See ABS for more info.
Data source: Data source: ABS Australian National Accounts: National Income, Expenditure and Product.
Business performance
The NAB Group Economics report that business conditions have continued to ease in 2025, falling to 0 index points in May, down from +6 in September 2024, reflecting ongoing softness in demand and profitability pressures. The latest NAB Monthly Business Survey highlights weak profitability and a further decline in employment conditions - now at a new cyclical low - raising concerns about softening labour demand. While business confidence improved again in May, it remains below long-run averages and is weakest in the retail and wholesale industries.
In New South Wales, business conditions declined to +2 index points (seasonally adjusted), a noticeable softening from earlier in the year. This suggests mounting pressure on sectors like retail and manufacturing, both of which experienced significant drops in conditions nationally. Confidence in NSW remained flat at 0 index points, with the trend below the long-term average.
Sector Insights: Retail conditions and confidence continued to decline across 2025, reversing a late-2024 recovery. Manufacturing saw a sharp decline (–25 index points nationally), whilst mining showed a strong bounce in May (+14), though this is volatile and comes after a large dip in April.

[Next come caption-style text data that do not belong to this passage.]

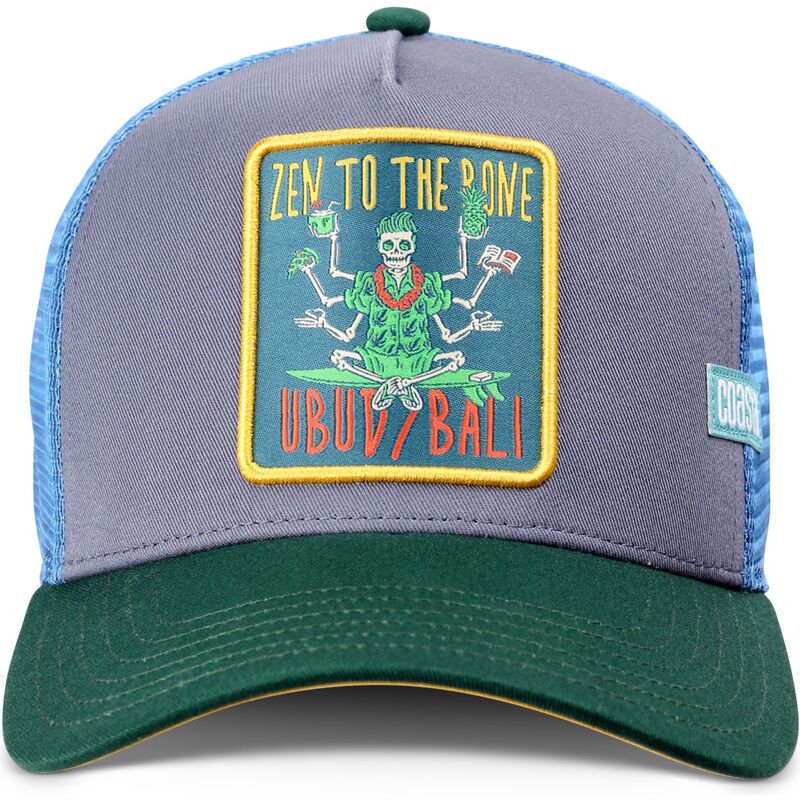 casquette-trucker-multicolore-hft-to-the-bone-coastal casquette-trucker-multicolore-hft-to-the-bone-coastal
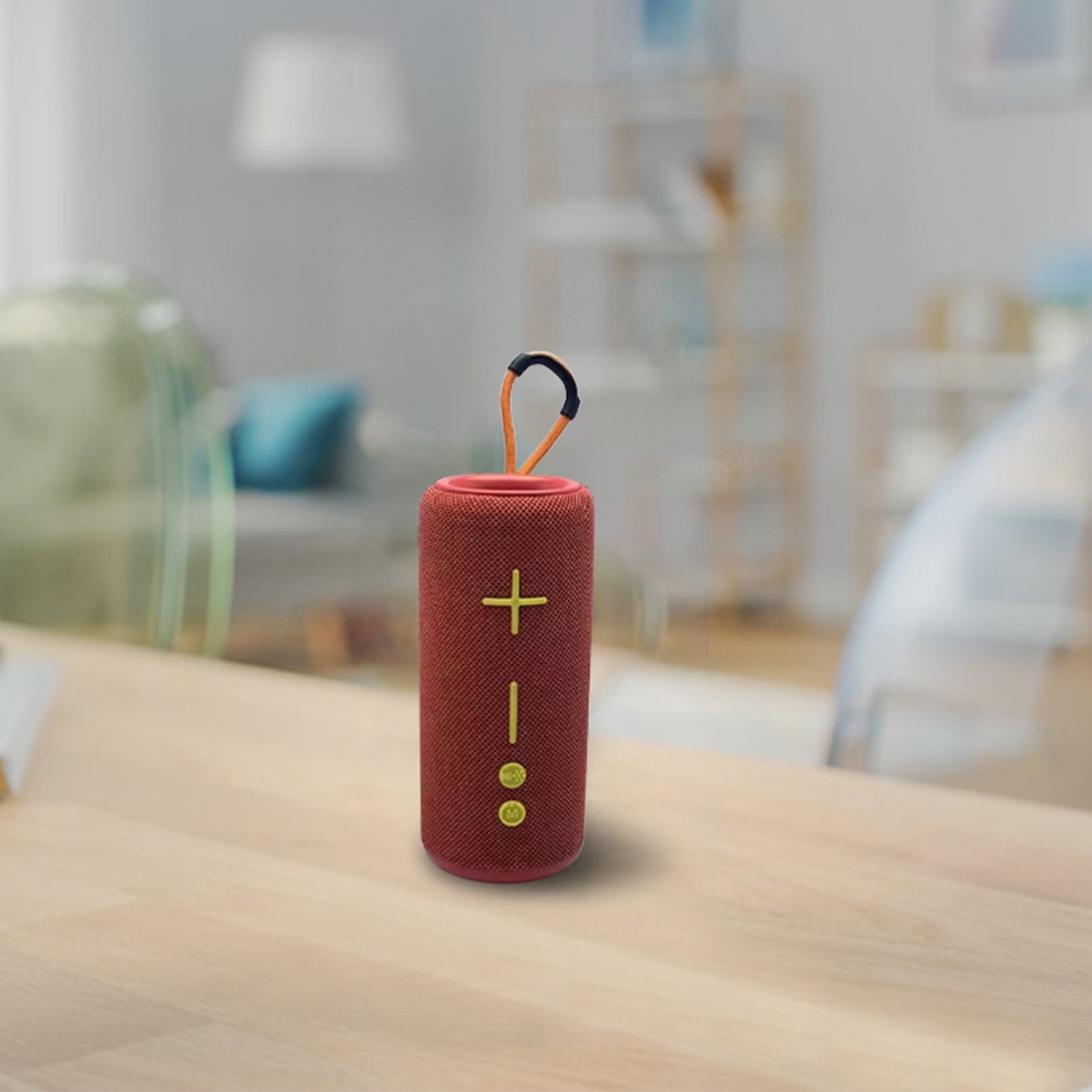 Czzoypi Shower Speaker (Red) Speaker Portable Bluetooth Speaker RGB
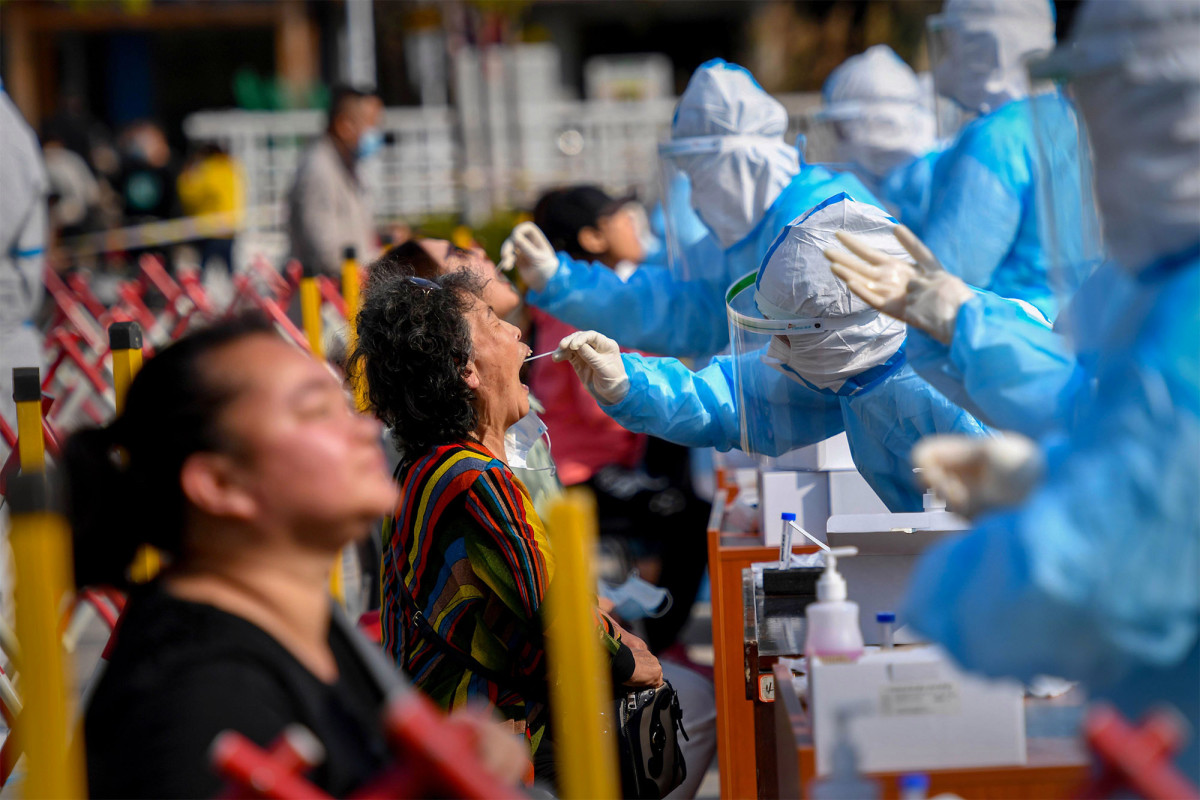 Chinese city to test population of 9 million after COVID-19
cluster detected 1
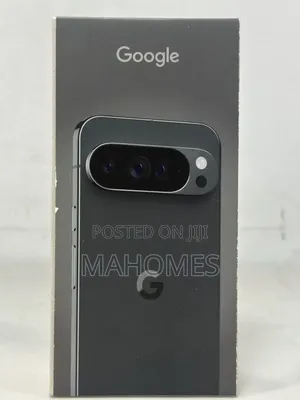 New Google Pixel 10 Pro XL 512 GB Black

Data source: NAB Group Economics
Household spending
The ABS Monthly Household Spending Indicator for the April 2025 reference period indicates an increase in household spending of +3.7% compared to April 2024 in current prices. In NSW, total household spending increased by +2.6%, led by spending on services (+5.7%), whilst spending on goods was flat (+0%). Spending on food in NSW increased +7%, whilst expenditure on alcohol and tobacco decreased 12%. Discretionary expenditure (+2.1% overall) was driven by spending on recreation and culture (+7.7%) and hospitality (+8.5%)

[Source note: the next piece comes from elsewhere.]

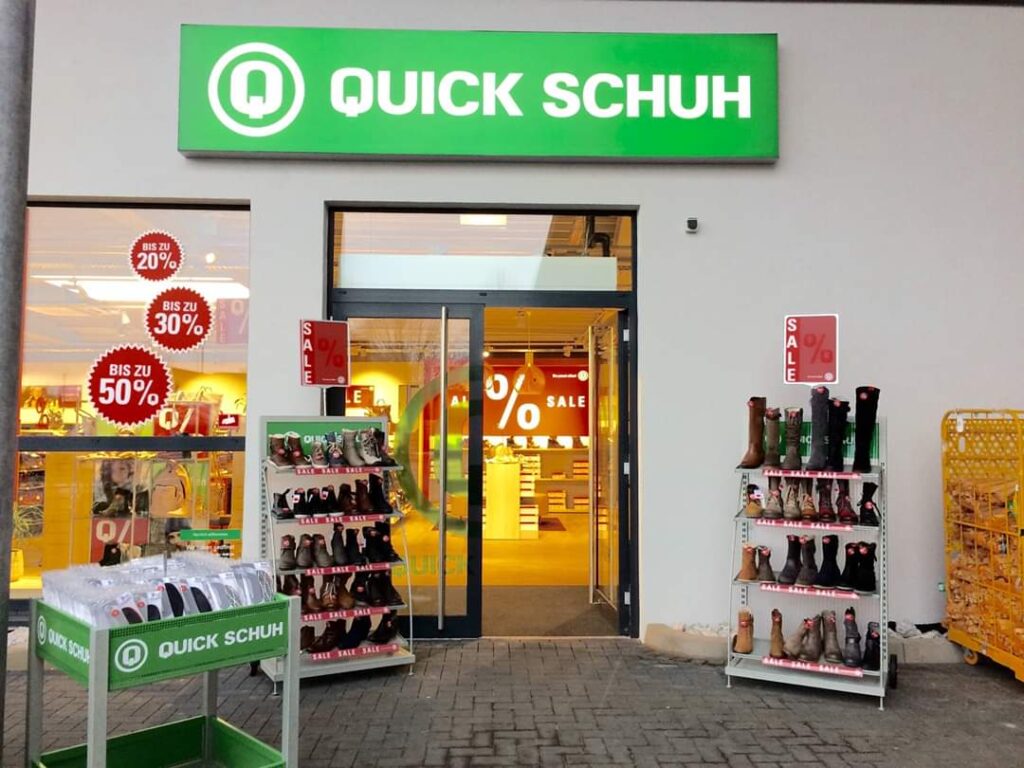 Quick Schuh – S Gutscheine Regional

The consumer price index rose 2.4% in the 12 months to April 2025 following previous trends in 2023 and 2024. The annualised CPI is down from a peak of over 8% in December 2022, now closer to long-term averages. Similar to the last dashboard update, housing (+2.2%), food and non-alcoholic beverages (+3.1%) were the main drivers. Prices for recreation and culture also rose +3.6%. Dairy was the only grocery product that saw price declines, with fruit and vegetables showing the highest increase. Automotive fuel prices fell 13% in the 12 months to April, whilst rents are still rising (0.3% for the month of April, 5.0% for the 12 months to April).
Data source: ABS Monthly consumer price index indicator
The ABS publishes specific price data on housing related expenses to give better insights (at the national level) into the price movements of purchases, rents and other expenses. Rents are still rising (up 5.0% in the previous 12 months). In comparison new dwelling prices have risen 1.2%. Electricity prices have fallen 6.5%, but have been highly affected by the availability of state and federal rebates.
Data source: ABS Monthly consumer price index indicator
An ongoing challenge for housing is the need for a reduction in costs related to construction in order to ensure an adequate supply of building for a growing population. Construction price indices show that prices have further stabilised since the start of 2023, with input prices for construction in Sydney declining by 0.1% in the March quarter, mainly due to reductions in timber prices. Prices of construction output still rose, however, mainly due to increased labour costs.